Die AfD war erbost. Wenn man Kriege haben wolle im Bundestag, „dann kann man auch Krieg kriegen“, schimpfte Fraktionschef Alexander Gauland in die Fernsehkameras.

Der Ankündigung folgte noch am späten Abend desselben Tages die Umsetzung: Kurz vor 23 Uhr soll der Bundestag abstimmen über die Überweisung mehrerer Themen in die Ausschüsse, als die AfD anzweifelt, ob das Parlament beschlussfähig ist.

Der Bundestag muss an dem Abend mit einem Hammelsprung reagieren

Jürgen Braun, damals Parlamentarischer Geschäftsführer der Fraktion, hat ein Lächeln auf dem Gesicht, als er das sagt, die Hände vor dem Bauch gefaltet. Das Lächeln bleibt, auch als sich Unruhe im Plenum ausbreitet. Denn mit der Anzweiflung am späten Abend ist klar, der Bundestag muss mit einem sogenannten Hammelsprung die anwesenden Abgeordneten durchzählen.

Ein langwieriges Prozedere, viel verlorene Zeit, und das alles wegen einer Überweisung in den Ausschuss. Es ist der angekündigte Krieg, mit den Mitteln der Geschäftsordnung. „Es ging nicht einmal um etwas Inhaltliches“, sagt Pau.

Laut und im Angriffsmodus: Der 80-jährige AfD-Fraktionschef Alexander Gauland im Bundestag, neben ihm Co-Fraktionschefin Alice Weidel.
Laut und im Angriffsmodus: Der 80-jährige AfD-Fraktionschef Alexander Gauland im Bundestag, neben ihm Co-Fraktionschefin Alice Weidel. © AFP via Getty Images | ODD ANDERSEN

Für sie sei es ein Schlüsselerlebnis gewesen, um zu begreifen, wie die AfD-Fraktion agiere. „Sie sind demokratisch gewählt, sie haben alle Möglichkeiten gewählter Vertreter und sie nutzen sie nur destruktiv, sie bekriegen die Institution.“

In den vergangenen vier Jahren haben sich Parlament und AfD verändert

Die Linke-Politikerin ist seit 15 Jahren Vizepräsidentin des Bundestags, sie hat vieles erlebt im Parlament, kontroverse Themen, harte Debatten. Doch nichts davon war vergleichbar mit dem, was seit 2017 passiert. Mit der AfD ist etwas Neues eingezogen. In den vergangenen vier Jahren haben sich sowohl das Parlament als auch die Partei verändert.

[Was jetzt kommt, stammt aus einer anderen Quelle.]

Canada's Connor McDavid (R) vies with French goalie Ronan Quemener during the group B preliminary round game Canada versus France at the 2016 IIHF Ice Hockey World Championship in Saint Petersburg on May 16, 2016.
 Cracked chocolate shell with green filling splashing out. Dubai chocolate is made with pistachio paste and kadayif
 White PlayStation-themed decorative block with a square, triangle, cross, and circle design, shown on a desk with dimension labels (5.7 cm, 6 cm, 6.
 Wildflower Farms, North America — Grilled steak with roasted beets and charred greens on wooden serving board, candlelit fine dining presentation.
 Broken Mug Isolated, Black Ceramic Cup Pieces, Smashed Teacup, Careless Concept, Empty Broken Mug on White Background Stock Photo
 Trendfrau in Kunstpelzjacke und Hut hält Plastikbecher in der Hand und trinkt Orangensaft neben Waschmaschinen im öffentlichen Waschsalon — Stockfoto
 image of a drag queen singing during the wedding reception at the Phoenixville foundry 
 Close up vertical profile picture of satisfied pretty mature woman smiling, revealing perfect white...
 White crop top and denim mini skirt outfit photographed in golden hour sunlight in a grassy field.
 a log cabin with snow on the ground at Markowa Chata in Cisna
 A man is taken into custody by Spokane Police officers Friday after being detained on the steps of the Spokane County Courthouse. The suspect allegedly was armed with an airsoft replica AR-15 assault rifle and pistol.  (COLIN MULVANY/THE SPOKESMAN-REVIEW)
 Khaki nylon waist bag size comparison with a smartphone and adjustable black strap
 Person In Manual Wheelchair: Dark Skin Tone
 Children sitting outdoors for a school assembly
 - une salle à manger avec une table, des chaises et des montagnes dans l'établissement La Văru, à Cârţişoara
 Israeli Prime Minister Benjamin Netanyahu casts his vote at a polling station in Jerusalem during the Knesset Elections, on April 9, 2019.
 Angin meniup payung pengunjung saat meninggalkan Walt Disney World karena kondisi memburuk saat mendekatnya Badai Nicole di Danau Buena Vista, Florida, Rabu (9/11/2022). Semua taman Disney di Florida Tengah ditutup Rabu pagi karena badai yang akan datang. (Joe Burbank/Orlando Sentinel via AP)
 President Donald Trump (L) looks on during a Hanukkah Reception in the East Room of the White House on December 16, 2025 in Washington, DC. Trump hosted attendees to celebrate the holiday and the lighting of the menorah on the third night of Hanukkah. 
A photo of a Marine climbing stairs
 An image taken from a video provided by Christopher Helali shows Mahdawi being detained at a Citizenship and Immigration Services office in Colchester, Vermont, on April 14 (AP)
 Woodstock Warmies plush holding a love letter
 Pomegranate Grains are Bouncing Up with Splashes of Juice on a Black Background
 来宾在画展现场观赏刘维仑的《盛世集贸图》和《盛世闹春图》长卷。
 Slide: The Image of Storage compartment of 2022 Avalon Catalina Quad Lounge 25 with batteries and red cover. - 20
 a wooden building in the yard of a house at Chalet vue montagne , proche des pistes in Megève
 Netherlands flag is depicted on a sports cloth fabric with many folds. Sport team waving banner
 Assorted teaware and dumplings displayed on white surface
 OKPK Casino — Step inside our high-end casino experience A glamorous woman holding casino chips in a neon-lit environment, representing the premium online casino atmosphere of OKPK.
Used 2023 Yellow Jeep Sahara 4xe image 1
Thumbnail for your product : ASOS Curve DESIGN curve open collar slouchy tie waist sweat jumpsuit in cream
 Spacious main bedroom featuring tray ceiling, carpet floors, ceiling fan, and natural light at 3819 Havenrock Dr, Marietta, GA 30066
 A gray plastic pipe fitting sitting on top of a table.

Als die neue Fraktion sich 2017 formierte, war die AfD schon die Partei, in der Björn Höcke eine „erinnerungspolitische Wende um 180 Grad“ fordern konnte und Alexander Gauland noch am Wahlabend ankündigte, die politischen Gegner zu „jagen“.

Björn Höcke, Fraktionsvorsitzender der AFD im Thüringer Landtag, spricht auf einem Marktplatz.
Björn Höcke, Fraktionsvorsitzender der AFD im Thüringer Landtag, spricht auf einem Marktplatz. © dpa

Trotzdem vermuteten und hofften damals einige, dass die immer noch junge Partei sich mäßigen würde, sobald sie einmal im höchsten Parlament des Landes ist. Auch Marco Buschmann, Erster Parlamentarischer Geschäftsführer der FDP, gehörte damals zu denen, die dachten, das Prozedere und die Würde des Hauses könnten dazu beitragen, die AfD näher an die Anstandsnormen des Politikbetriebs heranzuführen.

Ein Irrtum, wie Buschmann jetzt sagt. Stattdessen sei es in den letzten Jahren schlimmer geworden. „Die Fraktion funktioniert als eine interne Echokammer, in der sich die Abgeordneten gegenseitig radikalisieren.“

Das Klima im Bundestag ist rauer geworden

Es spreche viel dafür, dass es einen harten Kern der AfD-Abgeordneten gebe, der die Institution Bundestag an sich blockieren und obstruieren wolle, sagt Buschmann, „der Chaos und Gewalt ins Parlament bringen will“. Durch Hammelsprünge zum Beispiel, die die Fraktion auch nach dem Januar 2018 immer wieder herausforderte, durch die Tatsache, dass seit 2017 nicht einmal über die Tagesordnung noch Einvernehmen hergestellt werden kann zwischen den Fraktionen.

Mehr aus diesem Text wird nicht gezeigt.